Every year the IEA publishes a flagship report looking at the 12 months ahead, the World Energy Outlook.

As might be expected, this year’s offering is overshadowed by the growing economic crisis – but warns against allowing energy spending to fall by the wayside.

“We cannot let the financial and economic crisis delay the policy action that is urgently needed to ensure secure energy supplies and to curtail rising emissions of greenhouse gases,” said Nobuo Tanaka, executive director of the IEA at the London launch of the publication.

“We must usher in a global energy revolution by improving energy efficiency and increasing the deployment of low-carbon energy.”

The WEO-2008 provides analysis that aims to help policy makers around the world assess and address the challenges posed by worsening oil supply prospects, higher energy prices and rising emissions of greenhouse gases.

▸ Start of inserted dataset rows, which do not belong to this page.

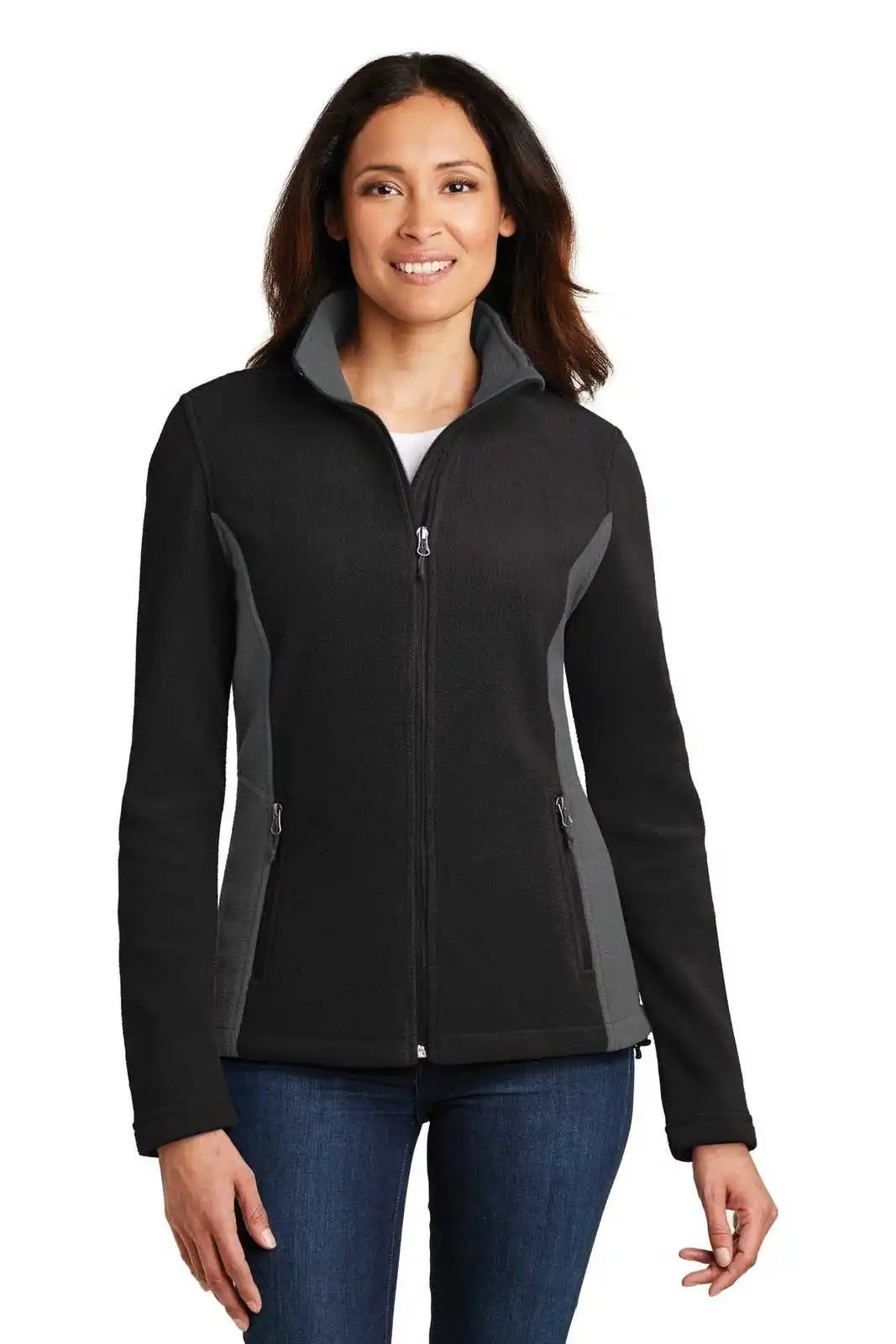 Port Authority L216 Ladies Colorblock Value Fleece Jacket - Black Battleship Gray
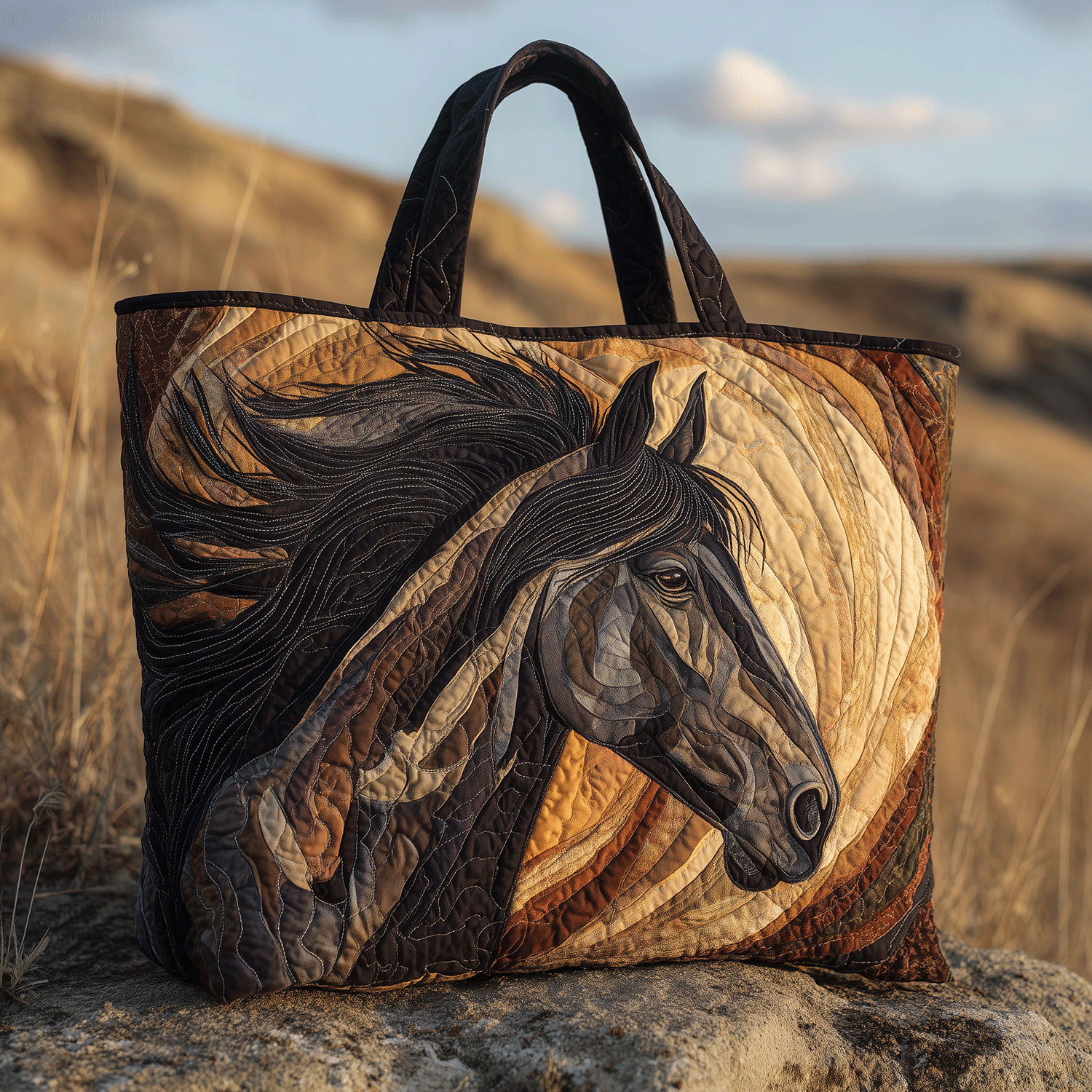 Rustic Horse Quilted Tote Bag Gifts For Horse Racing Fans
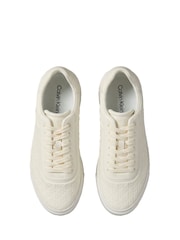 Calvin Klein Cream Embossed Emblem Logo Trainers - Image 5 of 6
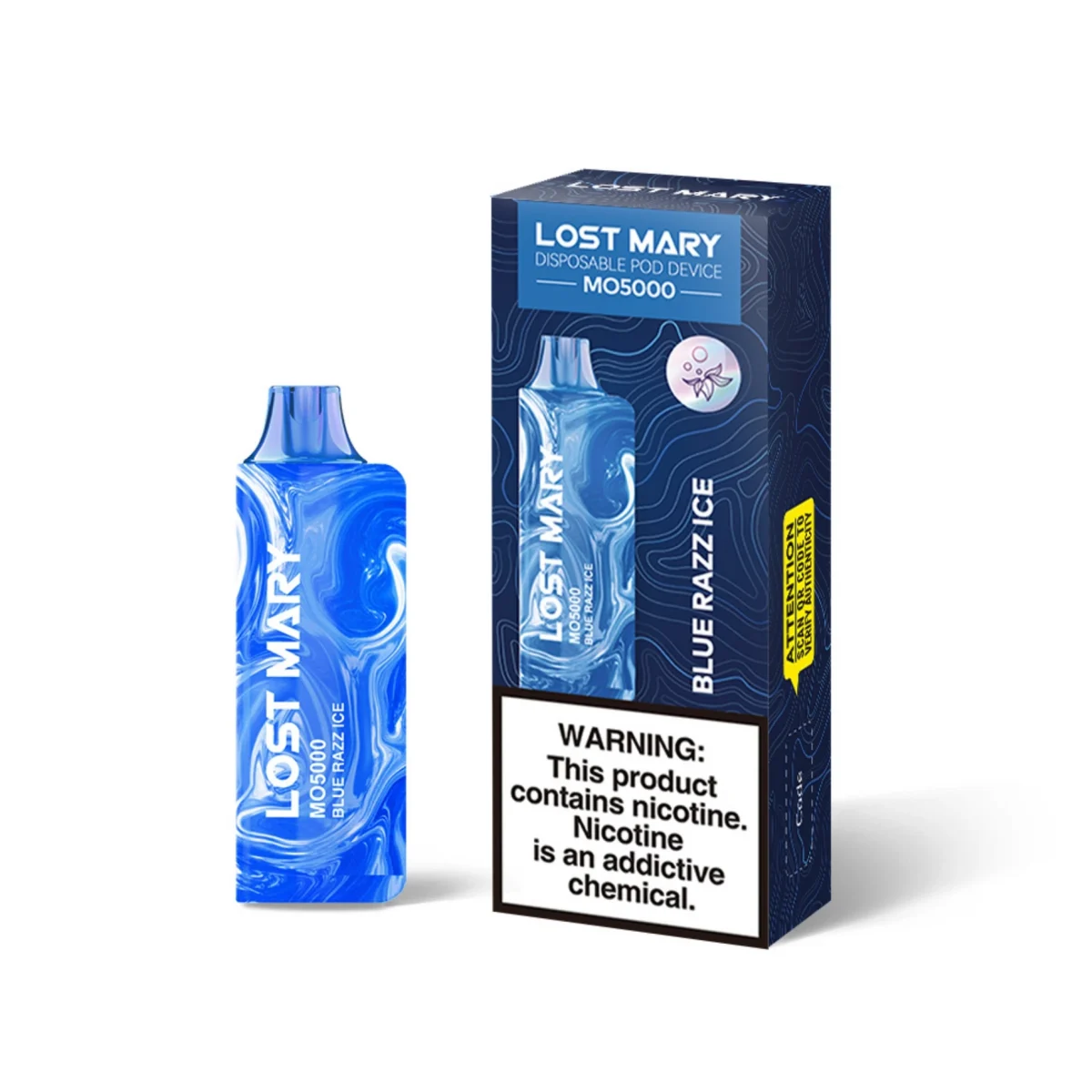 LOST MARY MO5000 BLUE RAZZ ICE味(jigsawtool.com)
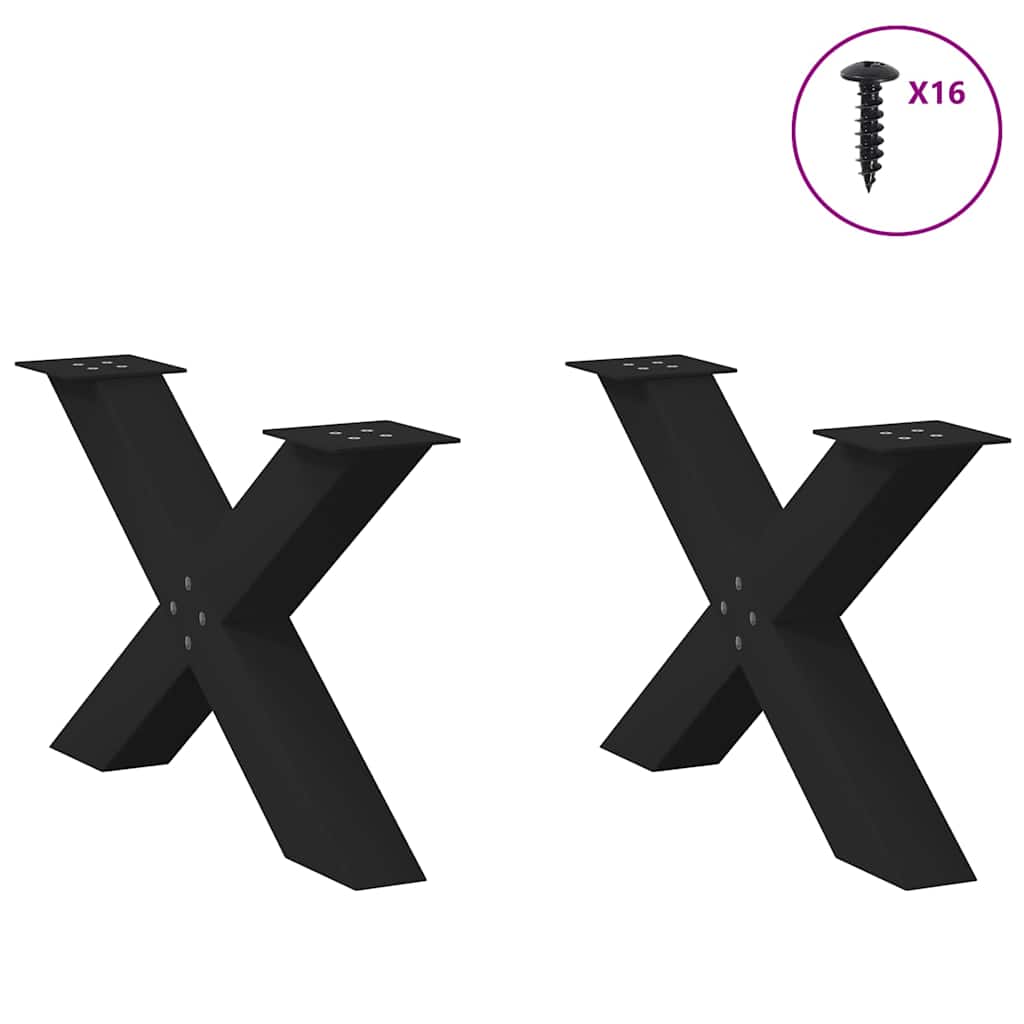 vidaXL Nogi do stolika kawowego w kształcie litery X 2 szt. Czarne 70x(42-43) cm Stal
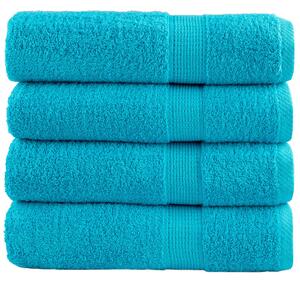 Premium ručníky SOLUND 4 ks tyrkysové 70 x 140 cm 600 g/m² 137453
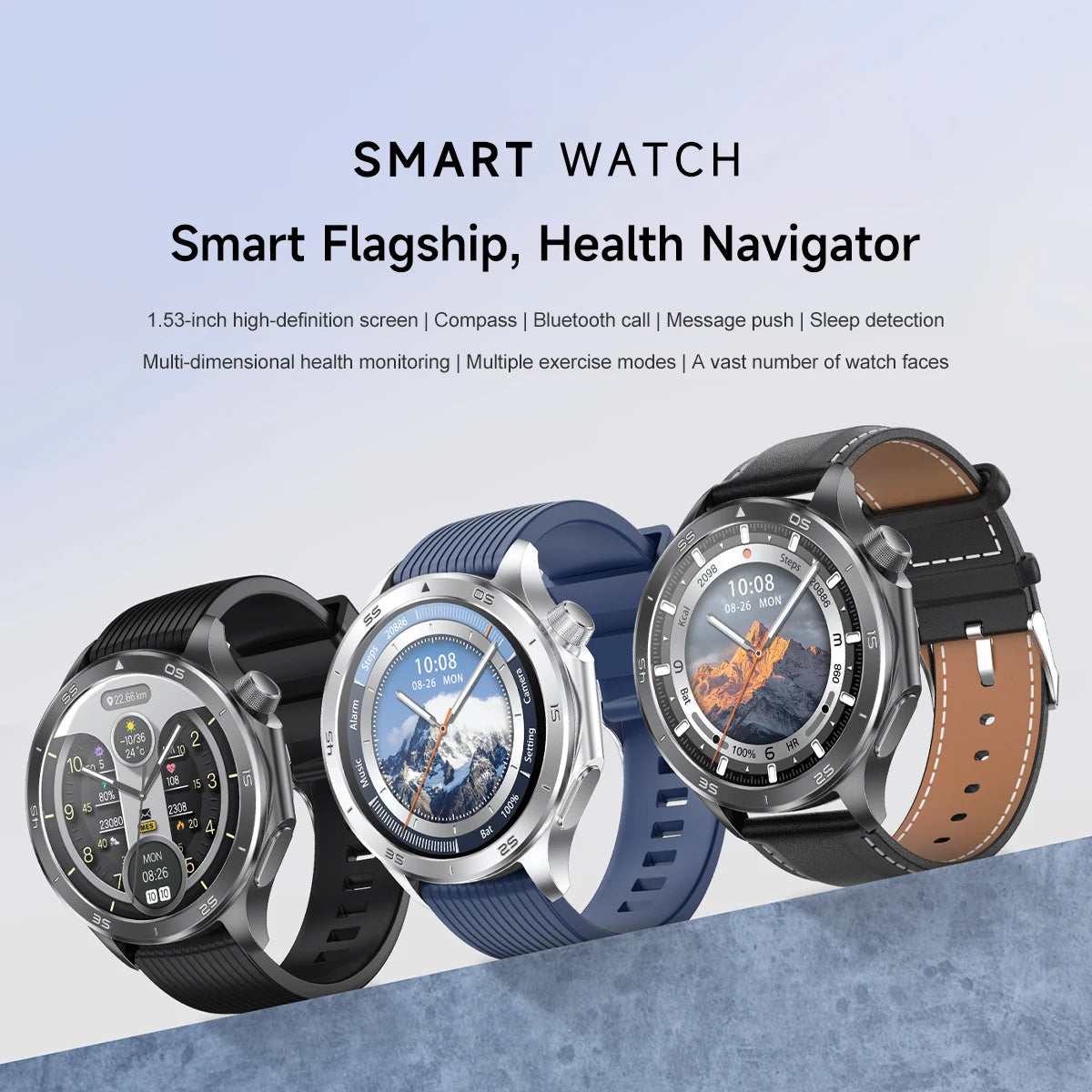 2026 new smart watch 1.53-inch HD large screen supports Bluetooth calls, multiple sports modes, compass health monitoring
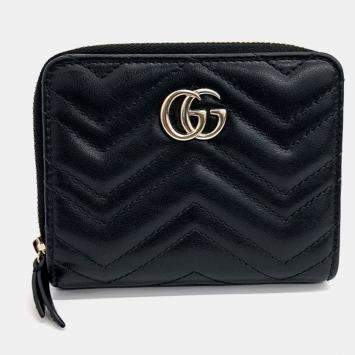 Pre Owned Gucci Black Leather Marmont Half Wallet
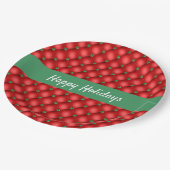 クリスマスパフィーのキルティングレッドとグリーン ペーパープレート (アングル)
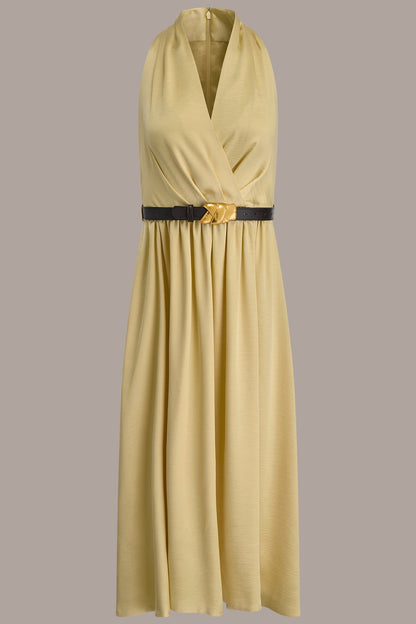 SLEEVELESS COWL-NECK MIDI DRESS - Panna Cotta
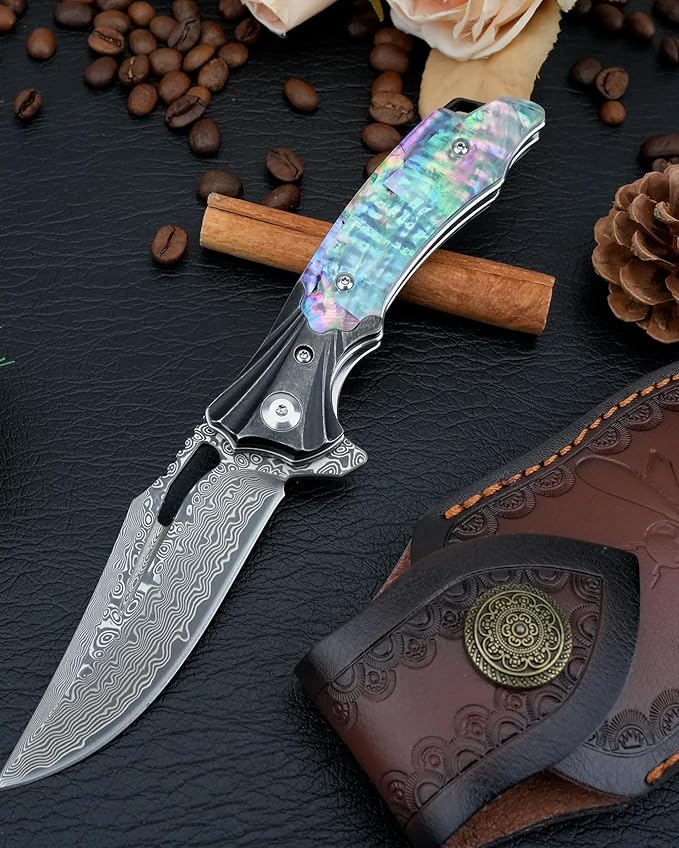 Damascus Pocket Knife for Women, 3.15" VG10 Damascus Steel Blade EDC Folding Knife with Sheath, Abalone Shells Handle, Ideal Gifts for Woman Men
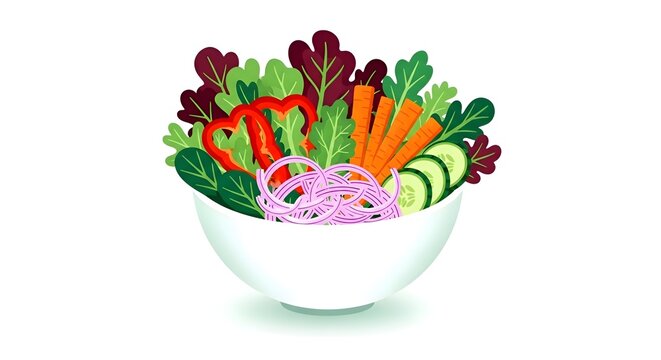 Colorful and vibrant vector illustration of a salad bowl filled with fresh vegetables including lettuce, carrots, red peppers, cucumbers, and radish noodles.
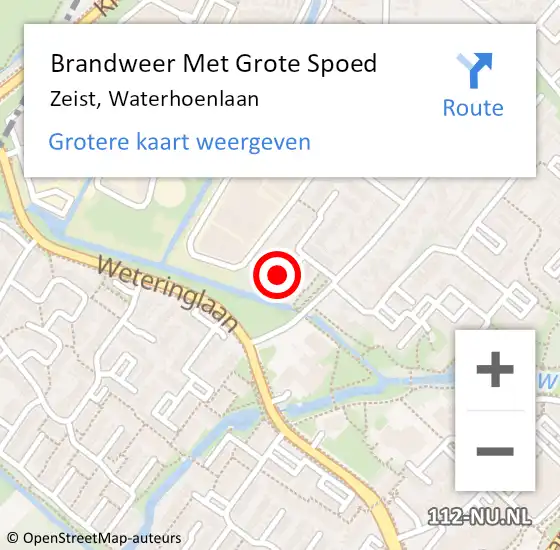 Locatie op kaart van de 112 melding: Brandweer Met Grote Spoed Naar Zeist, Waterhoenlaan op 30 december 2021 04:42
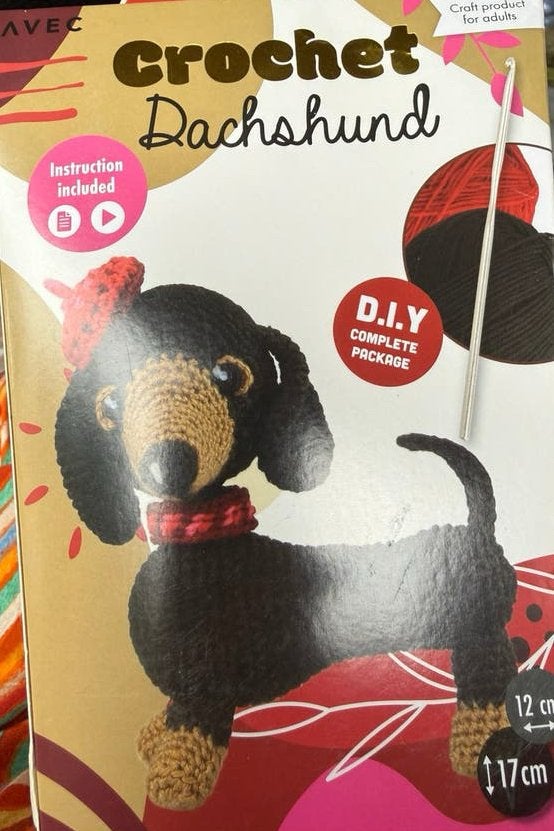 Haakpakket teckel hond nieuw, Ophalen of Verzenden, Nieuw, Haken, Wol of Garen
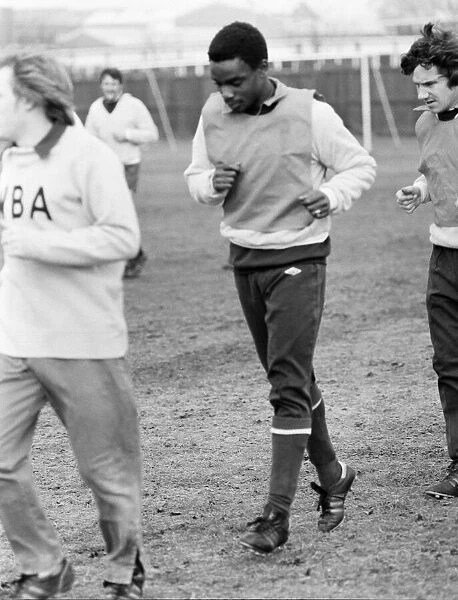 Laurie Cunningham on his first day of training at West Bromwich Albion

Predictions for energy demand from 2006 to 2030 show a growth of 1.6% per year on average – slower than the rise predicted in last year’s WEO, mainly due to the impact of the economic slowdown, prospects for higher energy prices and some new policy initiatives.

According to the report’s predictions, modern renewables grow most rapidly, overtaking gas to become the second-largest source of electricity soon after 2010.

China and India account for over half of incremental energy demand to 2030 while the Middle East emerges as a major new demand centre.

The share of the world’s energy consumed in cities grows from two-thirds to almost three-quarters in 2030.

Almost all of the increase in fossil-energy production occurs in non-OECD countries.

Yet the credit squeeze could delay spending, potentially setting up a supply-crunch that could choke economic recovery.

“Current trends in energy supply and consumption are patently unsustainable – environmentally, economically and socially – they can and must be altered,” said Nobuo Tanaka.

“Rising imports of oil and gas into OECD regions and developing Asia, together with the growing concentration of production in a small number of countries, would increase our susceptibility to supply disruptions and sharp price hikes. At the same time, greenhouse-gas emissions would be driven up inexorably, putting the world on track for an eventual global temperature increase of up to 6°C.

“One thing is certain,” said Mr Tanaka, “while market imbalances will feed volatility, the era of cheap oil is over.”